Abstract
Treating an inoperable bulky tumor is a challenge for modern medicine. Radiation therapy or chemotherapy is usually used as an alternative to surgery against this type of tumor. However, conventional radiation therapy cannot balance tumor control and the protection of organs at risk (OARs). Recent studies show that spatially fractionated radiation therapy (SFRT) is recommended for patients with an inoperable bulky tumor or advance malignant disease. SFRT promises both tumor control and reduced radiation damage to OARs.
In recent years, the rise of particle therapy predicts an increasing implementation of SFRT. Compared to photon radiation therapy, particle therapy benefits from its inherent physical property, Bragg peak, bringing in increased treatment delivery precision and lowing dose to normal tissue. LATTICE therapy is the most advanced type of SFRT, leading SFRT from a 2D technique to a 3D application. LATTICE particle therapy (LPT) is a combination of modern SFRT technique, LATTICE, with particle therapy, and it is anticipated to be more robust than common GRID therapy. Using the most advanced proton treatment delivery method, pencil beam scanning, the efficacy of LPT can be boosted.
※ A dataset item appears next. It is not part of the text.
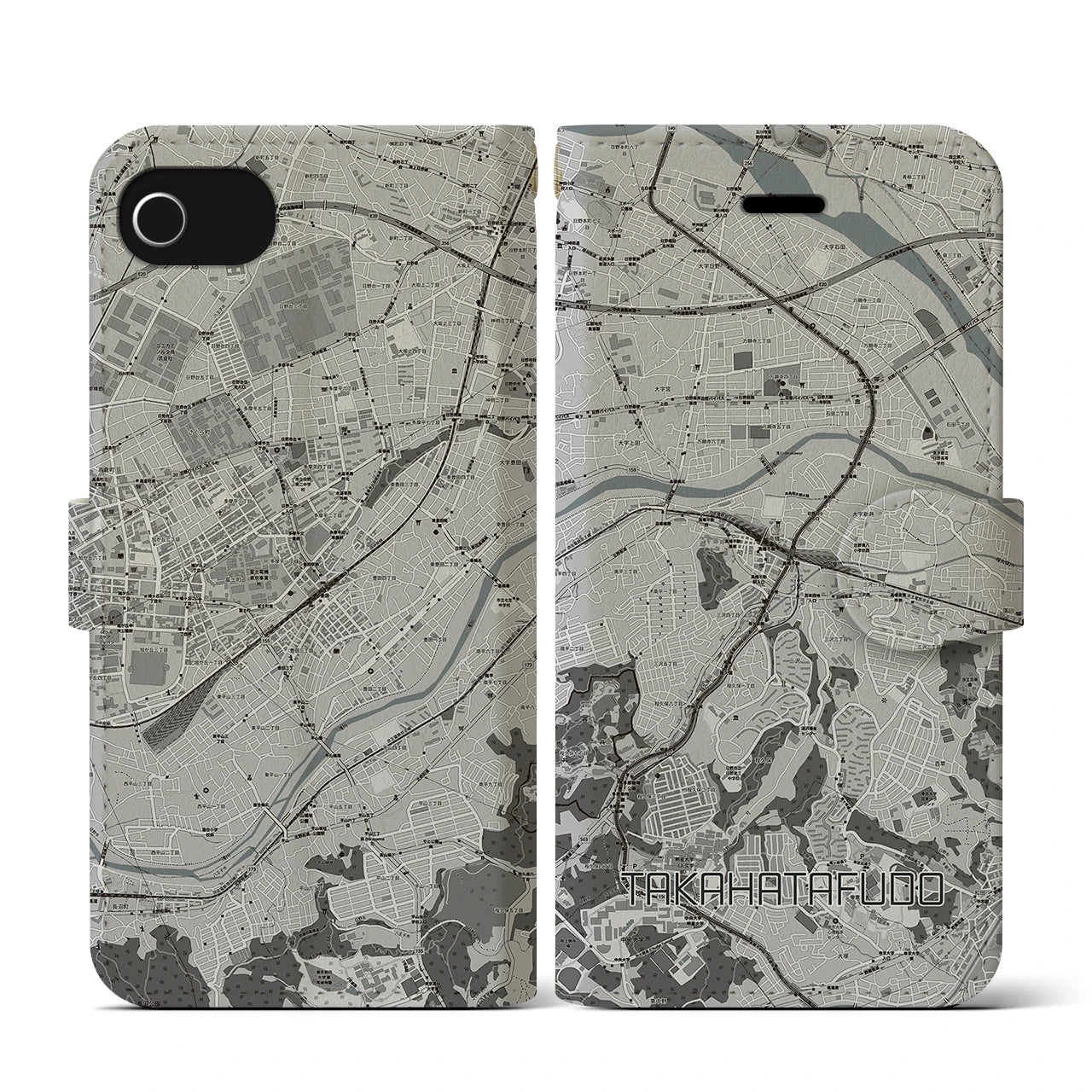【高幡不動(東京都)】地図柄iPhoneケース(手帳タイプ)モノトーン・iPhone SE(第3 / 第2世代) / 8 / 7 / 6s / 6 用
In this dissertation, an innovative automated LPT planning system for bulky tumors has been developed. Two major tasks have been completed. The first one is tumor modeling and 3D vertices lattice generation. The second one is the LPT treatment plan simulation and analysis. The results of those two tasks demonstrate that the developed planning system satisfy proposed objectives. The vertices lattice generated from this planning system is able to meet the requirement of LPT. The geometric distribution of vertices lattice satisfies all the initial conditions.
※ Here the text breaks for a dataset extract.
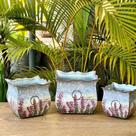 Kit 3 Vasos Cachepot Quadrado Metal Galvanizado 16x18
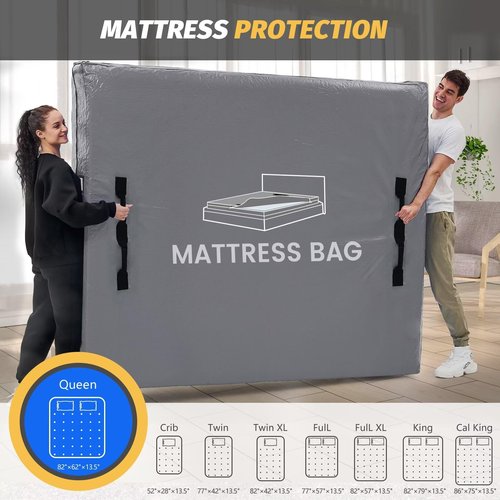 Mattress Bags for Moving and Storage, BETU Waterproof Mattress Protector Twin XL Mattress Cover with 8 Heavy Duty Handles and Zipper Extra Thick Moving Supplies for Dorm (2 Pack:82x42x13.5 Grey)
Both LPT and LATTICE photon radiation therapy (LRT) plans show a high PVDR of the tumor and its surrounding tissue. The DVH analysis of LRT and LPT presents a great radiation toxicity reduction to surrounding tissue. Comparing planning simulation results between LPT and LRT proved the advantages of LPT. LPT promises higher PVDR and lowers radiation toxicity.
Although some modules of the developed planning system are still in need of further optimization, it has the potential to be implemented to clinical particle therapy facilities. Future works include the integration of simulation module, development of manual beam tuning, and the vertices lattice optimization based on the simulated plan.